Quick Recap
The Chinese rate cut is the big news over the weekend with the PBOC dropping rates by 0.25%.
That’s important because while the aim is to ensure that growth and inflation remain in manageable territory and consistent with economic goals, the reality is that the PBOC wants to continue to weaken the Renminbi. Indeed the official PMI stats, released over the weekend. showed that both the manufacturing PMI (49.9) and non-manufacturing services PMI (53.9) did better than expected.
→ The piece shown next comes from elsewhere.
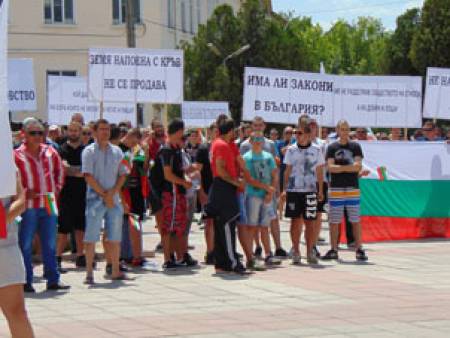 Протестът в Гърмен – земя, напоена с кръв не се продава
Of course, the manufacturing number is still in the contraction zone – just – which highlights the headwinds in the economy at the moment.
That’s important because as I highlighted at Business Insider this morning the Chinese have now joined the ‘currency wars’ with the USDCNY rate now at the highest it’s been since July 2012.
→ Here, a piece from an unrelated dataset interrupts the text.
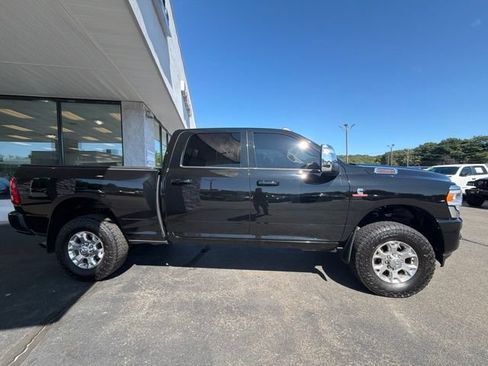 Used 2023 RAM 2500 Laramie AWD/4WD image 4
The big question for me however is: “Can the US dollar and the US economy do all the heavy lifting on its own?”
Somehow I doubt it.
I know that Fed Chair Janet Yellen last week essentially pooh poohed any talk that the economy was weakening but seriously so far its just non-farms. Indeed on Friday night US Q4 GDP was released. It showed that growth slipped to 2.2% in the second estimate. This is a step down from the 2.6% estimated last month but still a smidge better than the 2.1% expected. Also out was the Chicago PMI, which tanked to 45.8 from 59.4 last and 58 expected. But consumer sentiment printed 95.4, slightly better than the 94 expected.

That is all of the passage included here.